EXTRACTED MATERIAL:

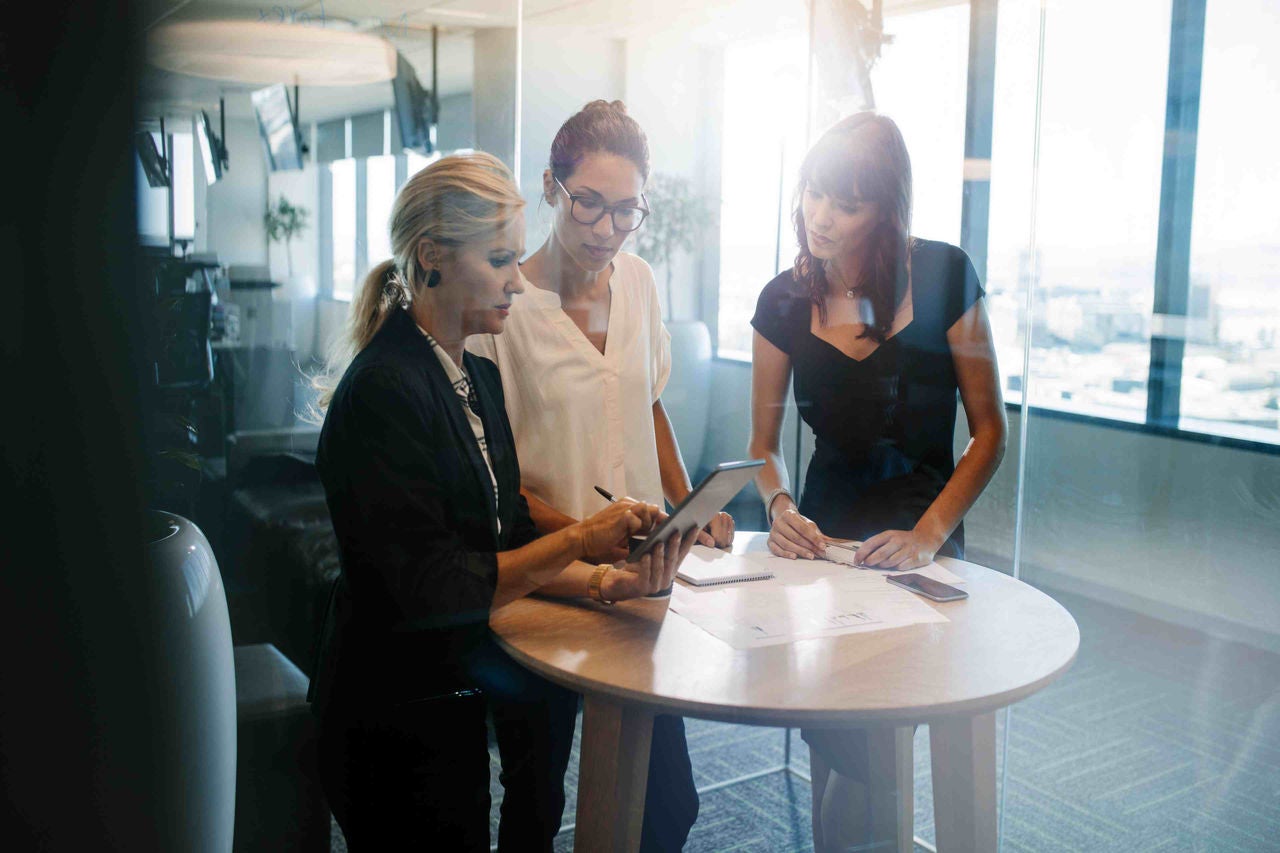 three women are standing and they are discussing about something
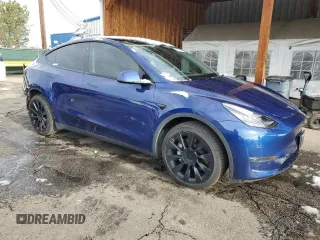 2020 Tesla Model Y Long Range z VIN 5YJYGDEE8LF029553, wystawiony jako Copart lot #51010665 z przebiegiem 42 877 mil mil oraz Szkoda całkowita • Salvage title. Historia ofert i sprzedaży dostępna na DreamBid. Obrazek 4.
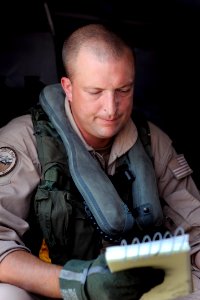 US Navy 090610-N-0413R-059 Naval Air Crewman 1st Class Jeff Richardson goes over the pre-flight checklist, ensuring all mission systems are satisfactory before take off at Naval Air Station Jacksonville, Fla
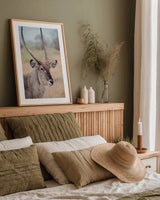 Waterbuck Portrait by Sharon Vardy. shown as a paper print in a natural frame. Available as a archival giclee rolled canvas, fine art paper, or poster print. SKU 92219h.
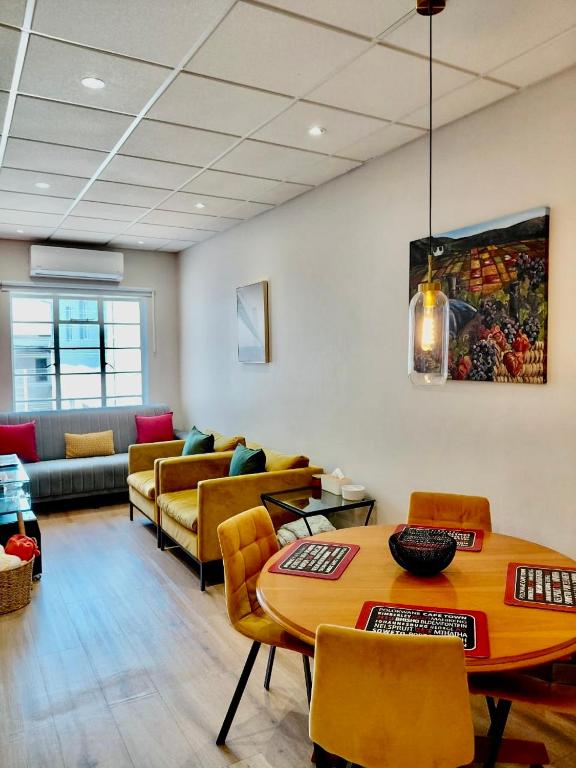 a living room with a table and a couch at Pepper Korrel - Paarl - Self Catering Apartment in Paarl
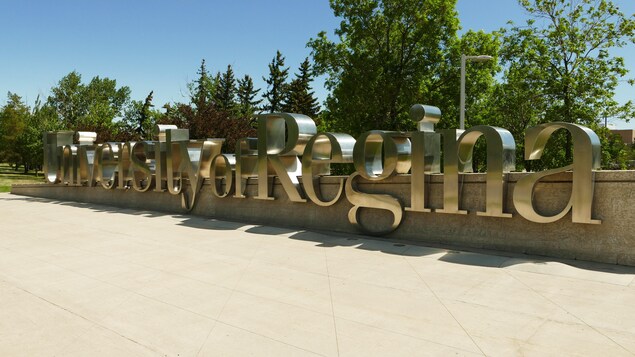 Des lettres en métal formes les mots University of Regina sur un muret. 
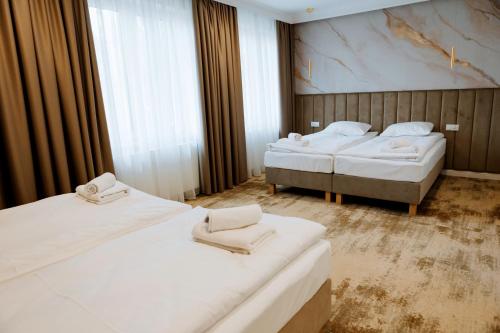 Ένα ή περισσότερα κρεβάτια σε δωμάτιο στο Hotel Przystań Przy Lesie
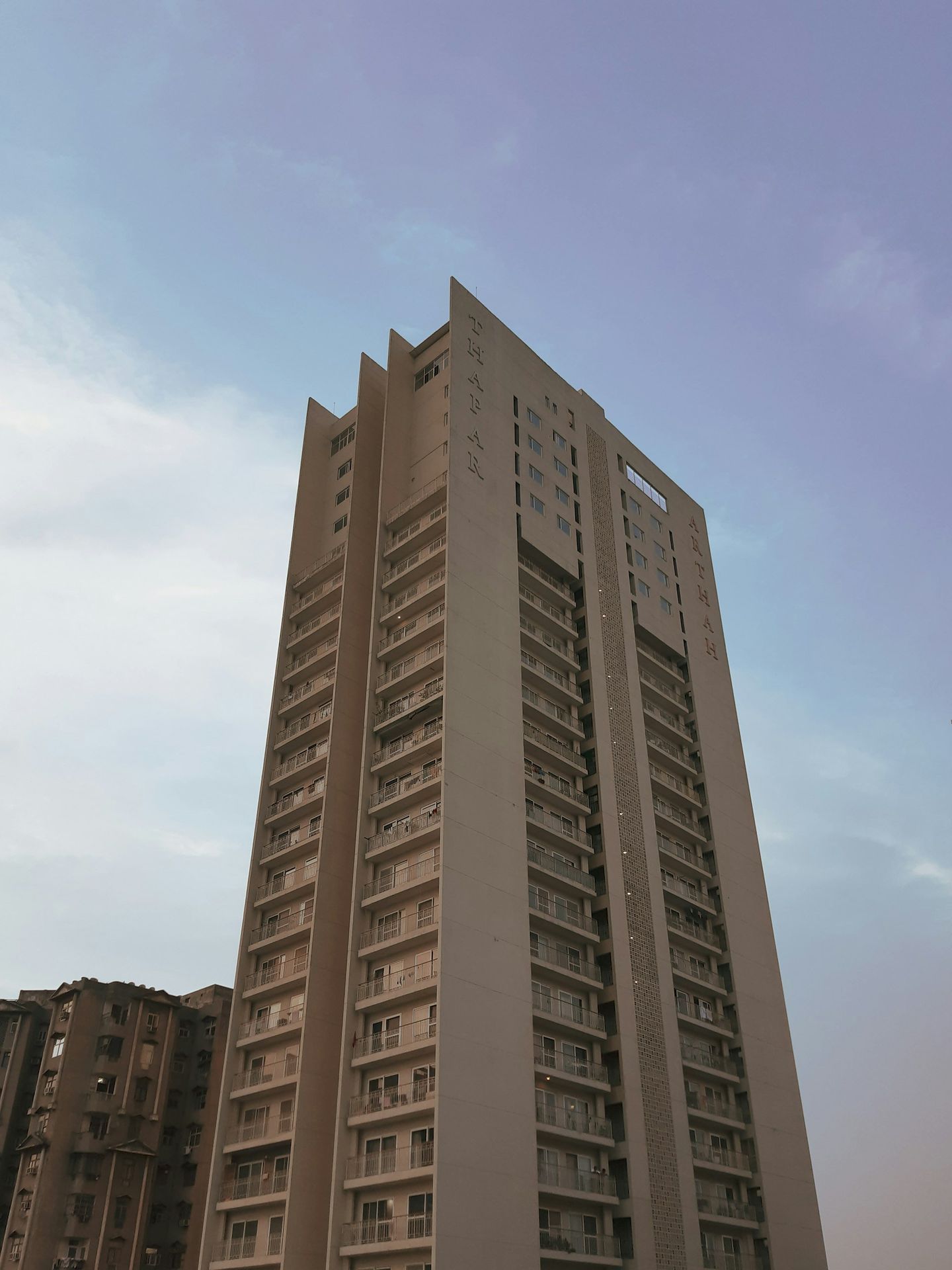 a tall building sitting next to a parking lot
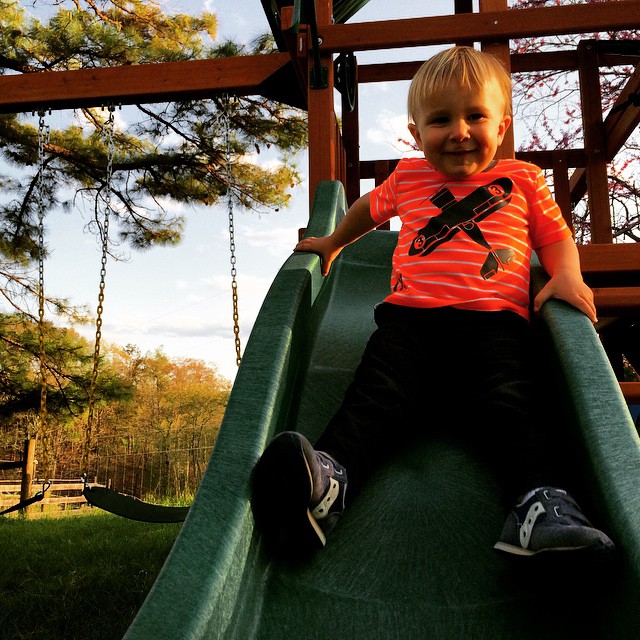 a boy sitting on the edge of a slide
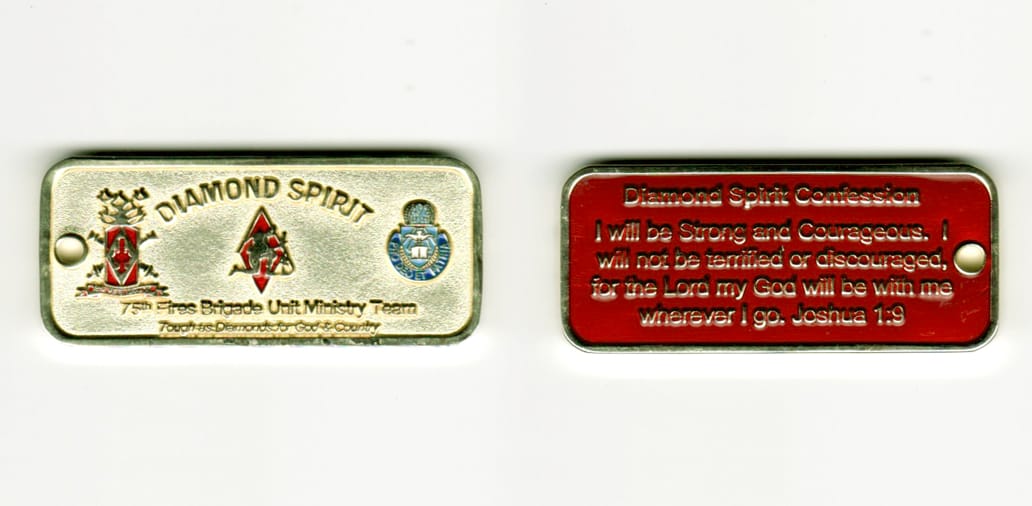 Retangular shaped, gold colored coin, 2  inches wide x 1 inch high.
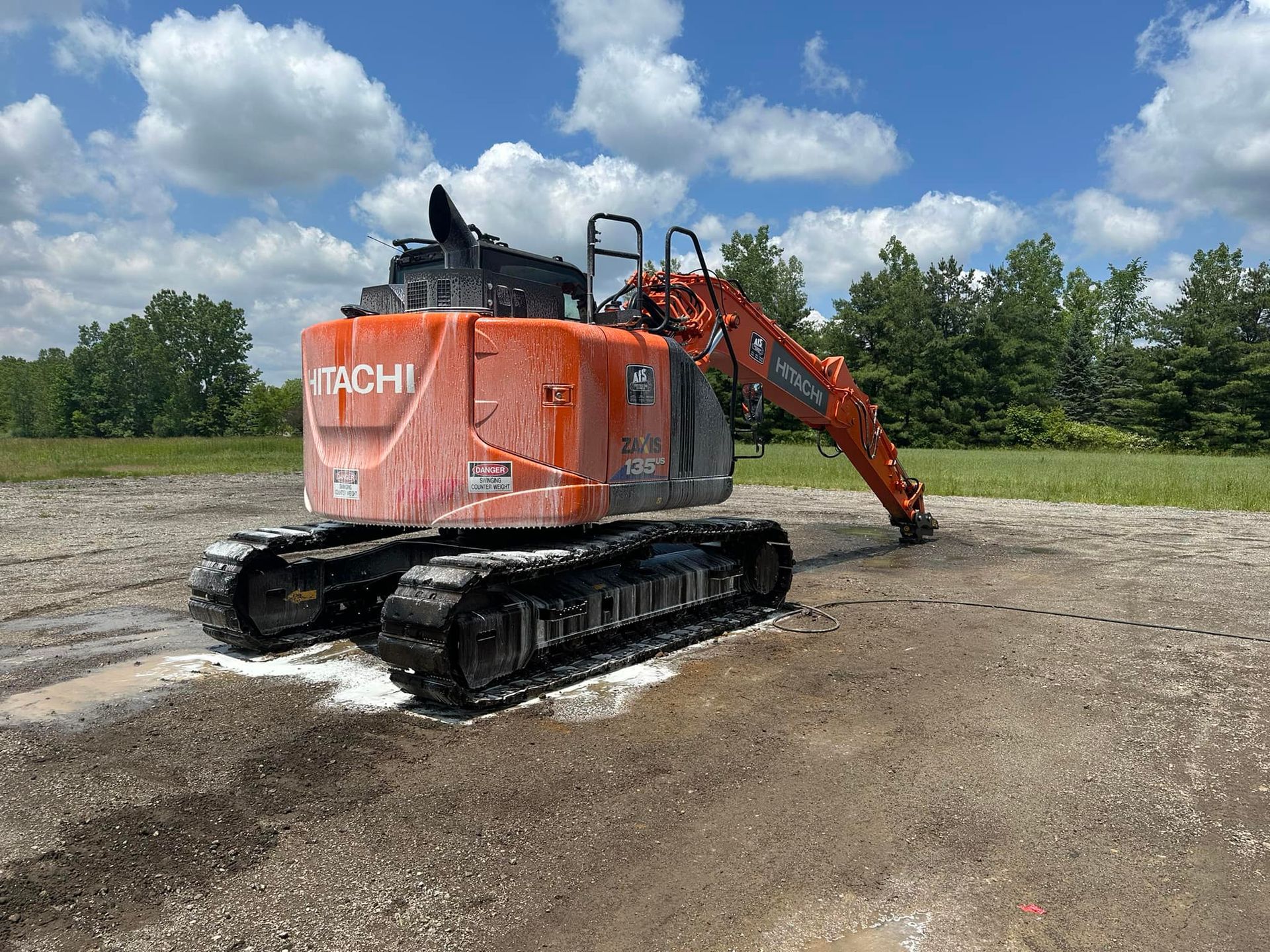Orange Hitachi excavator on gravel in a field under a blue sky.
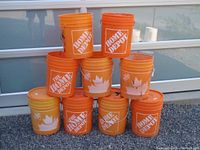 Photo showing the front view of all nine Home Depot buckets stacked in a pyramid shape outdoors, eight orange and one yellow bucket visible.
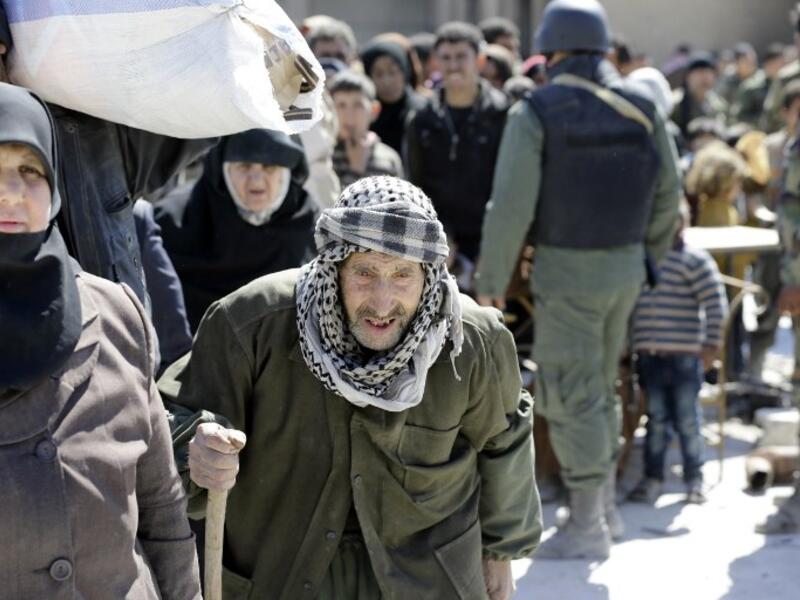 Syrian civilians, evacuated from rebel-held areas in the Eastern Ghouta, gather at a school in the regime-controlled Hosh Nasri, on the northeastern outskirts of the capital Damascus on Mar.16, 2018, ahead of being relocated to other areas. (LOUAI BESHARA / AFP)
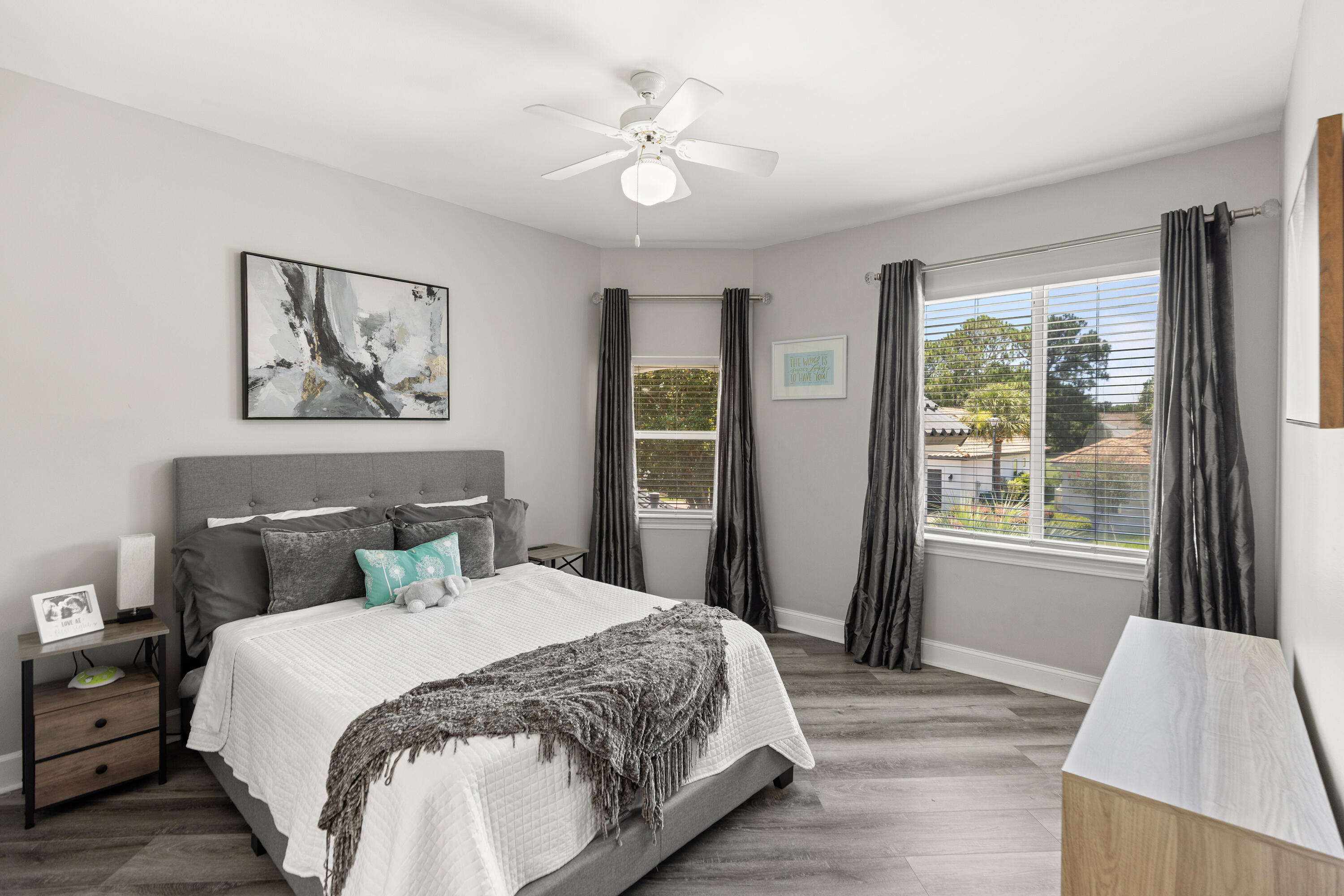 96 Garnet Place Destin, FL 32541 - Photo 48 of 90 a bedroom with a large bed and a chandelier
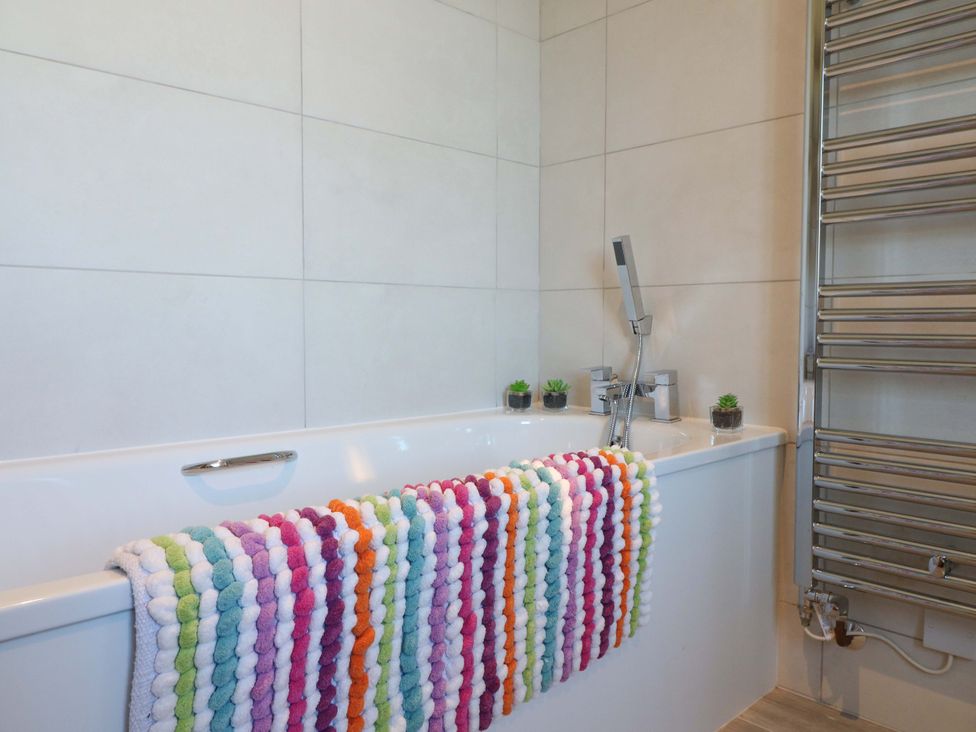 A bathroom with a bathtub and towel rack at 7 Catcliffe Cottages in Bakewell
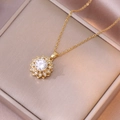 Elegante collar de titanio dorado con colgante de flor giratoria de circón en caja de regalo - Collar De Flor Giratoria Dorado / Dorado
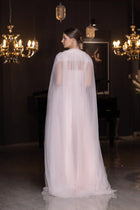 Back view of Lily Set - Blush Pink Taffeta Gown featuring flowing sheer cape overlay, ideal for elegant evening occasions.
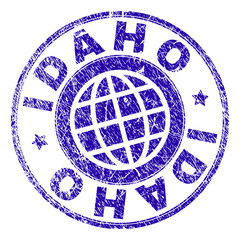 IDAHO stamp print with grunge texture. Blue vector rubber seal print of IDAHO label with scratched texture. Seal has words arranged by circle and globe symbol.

WHAT YOU HAVE TO DO: When you copy the records above, keep every word exact and drop the pictures.

OUTPUT OF THE EXERCISE:
 three women are standing and they are discussing about something
 2020 Tesla Model Y Long Range z VIN 5YJYGDEE8LF029553, wystawiony jako Copart lot #51010665 z przebiegiem 42 877 mil mil oraz Szkoda całkowita • Salvage title. Historia ofert i sprzedaży dostępna na DreamBid. Obrazek 4.
 US Navy 090610-N-0413R-059 Naval Air Crewman 1st Class Jeff Richardson goes over the pre-flight checklist, ensuring all mission systems are satisfactory before take off at Naval Air Station Jacksonville, Fla
 Waterbuck Portrait by Sharon Vardy. shown as a paper print in a natural frame. Available as a archival giclee rolled canvas, fine art paper, or poster print. SKU 92219h.
 a living room with a table and a couch at Pepper Korrel - Paarl - Self Catering Apartment in Paarl
 Des lettres en métal formes les mots University of Regina sur un muret. 
 Ένα ή περισσότερα κρεβάτια σε δωμάτιο στο Hotel Przystań Przy Lesie
 a tall building sitting next to a parking lot
 a boy sitting on the edge of a slide
 Retangular shaped, gold colored coin, 2  inches wide x 1 inch high.
Orange Hitachi excavator on gravel in a field under a blue sky.
 Photo showing the front view of all nine Home Depot buckets stacked in a pyramid shape outdoors, eight orange and one yellow bucket visible.
 Syrian civilians, evacuated from rebel-held areas in the Eastern Ghouta, gather at a school in the regime-controlled Hosh Nasri, on the northeastern outskirts of the capital Damascus on Mar.16, 2018, ahead of being relocated to other areas. (LOUAI BESHARA / AFP)
 96 Garnet Place Destin, FL 32541 - Photo 48 of 90 a bedroom with a large bed and a chandelier
 A bathroom with a bathtub and towel rack at 7 Catcliffe Cottages in Bakewell
 Elegante collar de titanio dorado con colgante de flor giratoria de circón en caja de regalo - Collar De Flor Giratoria Dorado / Dorado
 Back view of Lily Set - Blush Pink Taffeta Gown featuring flowing sheer cape overlay, ideal for elegant evening occasions.
 IDAHO stamp print with grunge texture. Blue vector rubber seal print of IDAHO label with scratched texture. Seal has words arranged by circle and globe symbol.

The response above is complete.